ミツバチやアリは集団生活をしていますよね。
みんな同じように群れているように見えますが、実は違います。

集団の3割はせっせと働き、4割は普通に働く。
そして残り3割はあまり働かないのです。

そんな上記の構成の集団から、せっせと働く3割を除いても、あるいは、あまり働かない3割を除いても、残った集団は自然にまた上記の3割、4割、3割に分かれるのです。

「3割、4割、3割」→「サシミ」→「刺し身」の法則となるのです。

【人の社会も刺し身】

刺し身の法則は、昆虫の世界だけではありません。
我々人間の世界でも当てはまります。

つまり、10人のスタッフがいれば、3人はとても優秀な人、4人は優秀な人、3人は普通の人に分かれるのです。
(さすがに"働かない人"というのは失礼なので、柔らかく表現)

人事権がある人が、これを見てどう思うでしょうか?

「ならば、普通の人をどこかへ飛ばし、よそから優秀な人材をいれるとしよう!」なんて思うかもしれません。

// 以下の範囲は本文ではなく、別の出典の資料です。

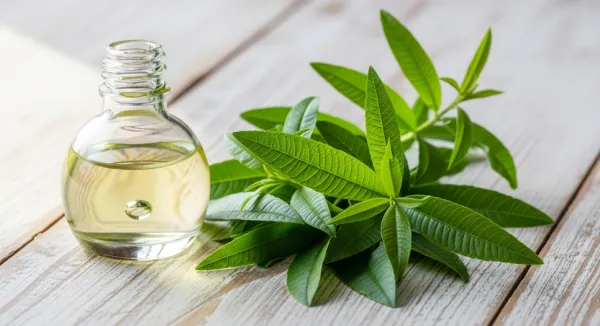 Limon Otu Yağı: Limon Olmadan Gelen O Tanıdık Koku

つまり、「3割、4割、3割」→「3割、6割、0割」になる訳です。
優秀な人が増えたのですから、その組織は更に素晴らしいものになると期待しちやいますよね。

しかし、それは否。
その新しい組織は、いつの間にか「3割、4割、3割」に分かれてしまうのです。

反対に、優秀な人が抜けてしまったとしても、普通だった人がいつの間にか優秀な人になり、「3割、4割、3割」は維持されてしまうのです。

不思議な比率ですよね。
勿論、必ずそうなる訳ではありませんが、人の社会心理学上、こうなる傾向にあります。

この「3割、4割、3割」の比率は、他にも当てはまるそうです。
例えば、「営業で自分に気を向けてくれる人の比率」や「ある物事の好き嫌いの程度の比率」などです。
普段の生活に、この比率を当てはめて検証してみるのも面白いかもしれませんね。

ちなみに同じ「3、4、3」でも、ザックジャパンのフォーメーション「3-4-3システム」は関係ないのかな?
いや、集団である以上、何かしら関連性があるのかも。

【組織の中に無駄な人材はいない】

上記の記事は、単にこの法則を説明しただけではありませんでした。
むしろ、ここからが素晴らしい。

「刺し身の法則」の意味するところは、組織の中に無駄な人材はいないという事です。

ほんのちょっとした環境の変化がきっかけとなり、普通の人でも優秀な人材になれる可能性が十分にあるのです。

反対に、どうしても今の場所で自分の脳力を発揮できないと思う場合は、環境を変えてみるのも一つの手です。

・今いる組織から離れて別の組織へ入る(異動、転職)。

・自分から新たに組織を作る(創部、起業)。

上記のような方法で、自分が高い能力の集団に入れるように努力してみるのもアリです。

組織の人の存在価値は、絶対的なものではなく、目標、構成、時期など相対的なものに依存・変化するのです。

※※※

この前も、アリの集団について説明しました。

●神崎のナナメ読み: 働かないアリが7割もいるが、ちゃんと意義がある〜1日30分のブラブラ社員のススメ
http://kanzaki.sub.jp/archives/002573.html

この記事では、働かないアリは、突発的に起きた不測の事態に対処できるように存在していると書きました。

捉え方は少し違いますが、「組織の中に無駄な人材はいない」という観点では、今回と同じではないかと思います。

「刺し身の法則」に希望を感じるのは、私のような平凡な人間でも、時と場所によっては表舞台にあがることがあるという事です。
決して、その人が持っているスペック云々で評価が決まるわけではないのです。

「環境が人を育てる」と言いますが、まさに「刺し身の法則」の事ですよね。
優秀な人が抜けてしまっても、その下にいて目立たなかった人が代わりに活躍するのです。

逆に、優秀だった人が、環境によっては普通の評価になる可能性もあるのです。
「(ネガティブな意味で)朱に交われば赤く染まる」・・・ちょっと例えが違うか?

そう思うと、組織の人事というのは、非常に重要だという事が分かりますよね。

そういや自分自身にも思い当たる節があります。
以前所属していた部署では、本当に地味な働きぶりでした。
なにせ、自分には全く知識も無いし、吸収できる能力もない。
いつも失敗してばかり。
自信を持って働けませんでした。

新しい部署へ行ってからは、自分の得意な知識・技能を活かせる仕事だったので、だいぶ能力が開花したように思います。
以前よりは自信を持って働けるようになりました。
そうすると、どんどん知識も経験も吸収が良くなり、向上します。

同じ人間でも、場所によって働きぶりが随分と変わってしまう。
そういう意味では、今の場所で思う存分に働けているのは、そういう場所で働くことを許してくださった方達のおかげなんですよね。
感謝しつくしても足りないぐらいです。